● Exercise description:
Set down every line from the one with "Cafe Latte Interior" to the end of the entries, both ends included, exactly as it reads and without pictures.

● Records for this exercise:
════════════════
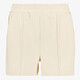 Dames sweatshort beige zwart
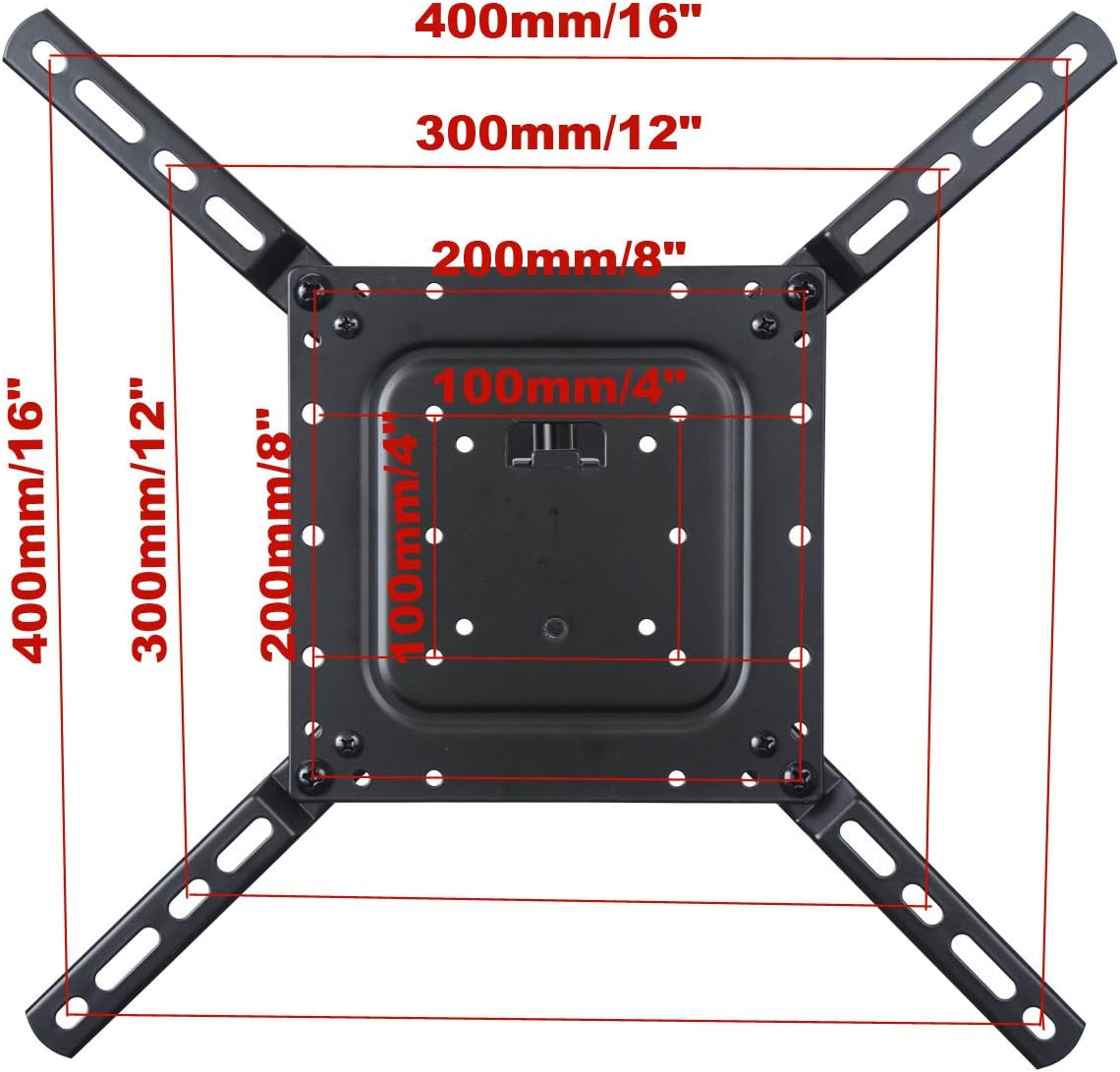 VideoSecu Articulating Tilt Swivel TV Wall Mount for 32 to 55 inch Westinghouse Toshiba Panasonic Vizio Sharp AQUOS Sony Bravia Samsung LG Haier Pioneer ProScan RCA TV CB6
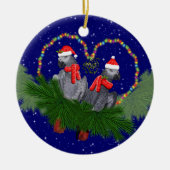 Festive Featherballen Ornament (Voorkant)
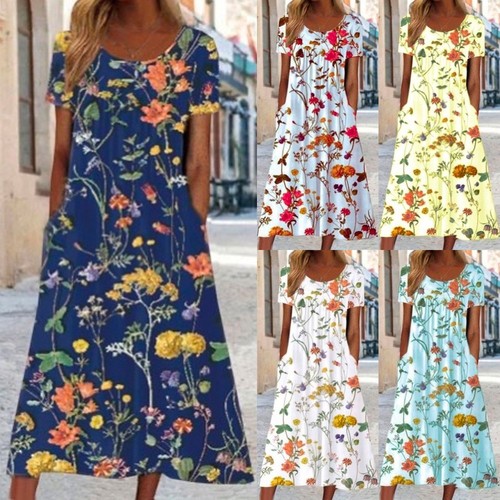 Ladies summer floral print - summer,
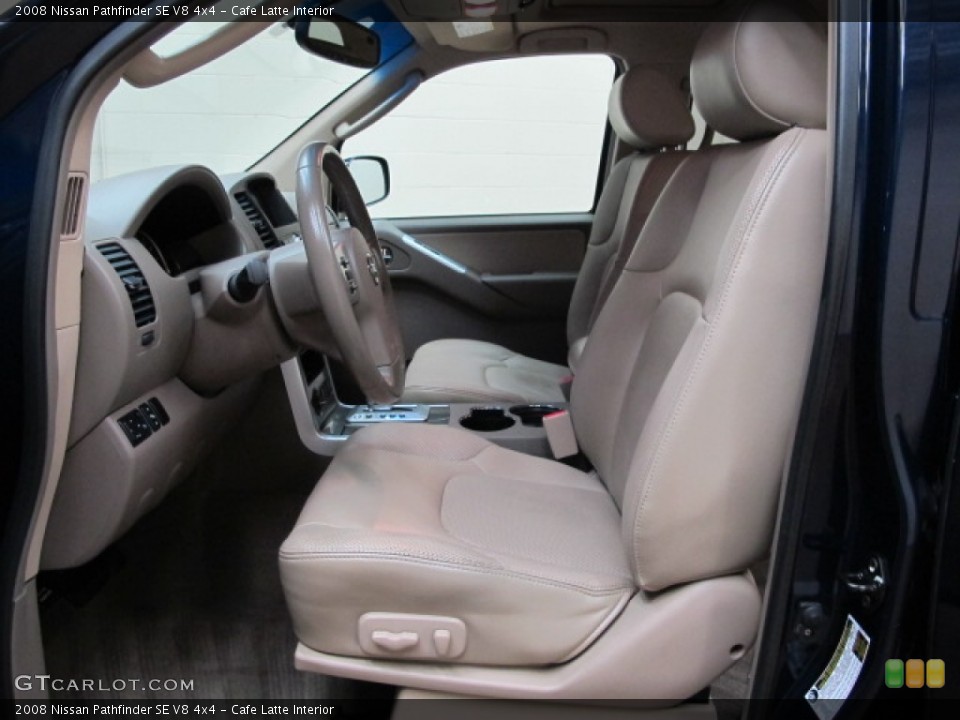 Cafe Latte Interior Front Seat for the 2008 Nissan Pathfinder SE V8 4x4 #77910622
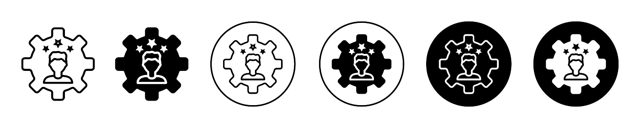 Employee Skills Icon vector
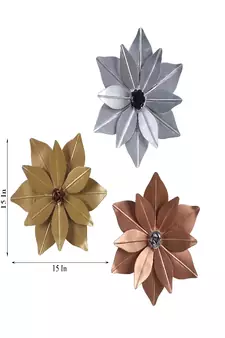 Flower Shape Wall Decor Set of 3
════════════════
● Result of the exercise:
 Cafe Latte Interior Front Seat for the 2008 Nissan Pathfinder SE V8 4x4 #77910622
 Employee Skills Icon vector
 Flower Shape Wall Decor Set of 3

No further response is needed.